A year after his arrival on Australian shores, it’s worth remembering how successful Alessandro Del Piero has been as a player.
Across nineteen years as a player for Juventus, he scored a club record 290 goals in 705 appearances – the most of any player in the club’s history. By the age of 22, he had won everything possible at club level. The number of Serie A titles is debatable because of the Calciopoli scandal, which saw Juventus stripped of their honours in 2004-05 and 2005-06. Regardless, Del Piero still managed to sweep six, which includes an unbeaten season under Antonio Conte in 2011-12. There are numerous domestic cup titles, as well as European Cups, with a Champions League triumph in 1995-16 backing up from the UEFA Cup runners-up place achieved one year earlier.
His record isn’t shirked on the international stage either, with his ninety-one appearances for the national team including three Worlds Cup and four European Championships – he never won the Euros, finishing runners-up in 2000, but went one step further in the biggest one of all, the 2006 World Cup, where Del Piero scored the second goal in the semi-final against Germany and converted his penalty in the final against France.
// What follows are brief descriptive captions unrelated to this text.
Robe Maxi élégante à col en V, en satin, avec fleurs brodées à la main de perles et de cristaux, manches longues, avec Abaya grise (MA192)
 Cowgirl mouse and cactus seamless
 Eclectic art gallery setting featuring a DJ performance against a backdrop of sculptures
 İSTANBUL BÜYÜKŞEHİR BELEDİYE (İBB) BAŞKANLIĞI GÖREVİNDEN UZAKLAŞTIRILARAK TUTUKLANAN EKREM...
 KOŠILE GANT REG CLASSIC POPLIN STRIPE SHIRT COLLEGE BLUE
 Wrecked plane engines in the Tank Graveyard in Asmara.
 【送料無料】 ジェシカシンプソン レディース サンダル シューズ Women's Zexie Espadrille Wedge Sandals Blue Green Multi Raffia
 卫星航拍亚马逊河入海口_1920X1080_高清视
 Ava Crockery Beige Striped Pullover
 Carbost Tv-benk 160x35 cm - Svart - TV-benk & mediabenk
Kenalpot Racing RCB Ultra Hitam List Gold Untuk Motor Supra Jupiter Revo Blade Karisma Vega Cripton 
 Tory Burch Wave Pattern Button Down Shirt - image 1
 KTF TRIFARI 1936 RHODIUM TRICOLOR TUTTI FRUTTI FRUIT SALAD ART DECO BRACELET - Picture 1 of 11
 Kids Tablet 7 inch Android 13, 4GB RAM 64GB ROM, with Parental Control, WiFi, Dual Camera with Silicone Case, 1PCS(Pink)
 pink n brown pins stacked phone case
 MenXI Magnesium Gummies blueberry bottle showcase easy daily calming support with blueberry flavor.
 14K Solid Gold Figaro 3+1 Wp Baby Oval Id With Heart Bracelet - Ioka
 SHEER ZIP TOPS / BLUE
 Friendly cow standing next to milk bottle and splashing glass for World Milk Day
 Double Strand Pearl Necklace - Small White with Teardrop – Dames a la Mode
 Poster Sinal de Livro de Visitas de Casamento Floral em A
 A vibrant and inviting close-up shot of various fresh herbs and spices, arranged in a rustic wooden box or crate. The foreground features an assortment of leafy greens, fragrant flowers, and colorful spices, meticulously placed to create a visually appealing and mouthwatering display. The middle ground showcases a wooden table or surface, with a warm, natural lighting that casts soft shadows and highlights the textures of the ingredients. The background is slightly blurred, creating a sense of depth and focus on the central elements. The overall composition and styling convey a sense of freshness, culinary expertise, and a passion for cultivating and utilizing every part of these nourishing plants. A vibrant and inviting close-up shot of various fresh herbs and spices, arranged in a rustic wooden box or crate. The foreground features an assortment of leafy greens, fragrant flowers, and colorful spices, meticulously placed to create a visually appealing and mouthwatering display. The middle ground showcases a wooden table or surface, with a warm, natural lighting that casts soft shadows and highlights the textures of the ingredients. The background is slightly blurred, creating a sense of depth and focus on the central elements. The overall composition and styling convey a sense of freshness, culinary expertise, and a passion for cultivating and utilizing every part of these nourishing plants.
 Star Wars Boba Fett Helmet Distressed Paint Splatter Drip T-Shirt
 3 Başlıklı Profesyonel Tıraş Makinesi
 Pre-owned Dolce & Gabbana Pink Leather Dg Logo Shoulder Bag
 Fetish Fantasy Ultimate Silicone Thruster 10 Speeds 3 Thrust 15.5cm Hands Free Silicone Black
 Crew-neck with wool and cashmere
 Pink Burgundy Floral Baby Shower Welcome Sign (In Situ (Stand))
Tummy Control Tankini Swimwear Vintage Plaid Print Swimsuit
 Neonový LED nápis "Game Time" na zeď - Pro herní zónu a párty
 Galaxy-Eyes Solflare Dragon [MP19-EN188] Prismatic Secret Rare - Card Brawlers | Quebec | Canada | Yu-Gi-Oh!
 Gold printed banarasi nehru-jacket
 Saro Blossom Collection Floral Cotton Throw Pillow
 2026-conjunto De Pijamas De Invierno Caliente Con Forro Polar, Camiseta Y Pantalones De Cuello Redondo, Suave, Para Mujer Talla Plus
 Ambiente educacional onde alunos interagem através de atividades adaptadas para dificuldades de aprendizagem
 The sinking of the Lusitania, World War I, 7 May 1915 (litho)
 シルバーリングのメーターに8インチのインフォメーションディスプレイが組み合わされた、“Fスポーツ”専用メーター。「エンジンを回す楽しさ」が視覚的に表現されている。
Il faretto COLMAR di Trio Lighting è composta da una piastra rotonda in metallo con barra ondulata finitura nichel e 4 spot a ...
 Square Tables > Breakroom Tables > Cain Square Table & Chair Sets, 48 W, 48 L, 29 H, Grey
His legacy is extraordinary. “I am moved by Del Piero, as he represents something indelible,” said his final Juventus coach, Conte. In the way the Italian stood by the club throughout so many scandals – the doping allegations, Calciopoli and relegation – he become embodied in the club’s history, so much so Marcelo Lippi, who coached him both at Juventus and in the 2006 World Cup, says “throughout the world Juventus is Del Piero. When you say his name it means Juve.”
And yet somehow inexplicably, incredible, he is a Sydney FC player. Quite how this legend, a player Pele ranks amongst the 100 best of all time, ended up in the Harbour City still beggars belief but nevertheless his arrival was a boon both for the A-League in commercial terms but also for the quality of play. Even just as a coach Del Piero, with his experience, would be Sydney’s greatest asset but thankfully he remains the league’s best footballer.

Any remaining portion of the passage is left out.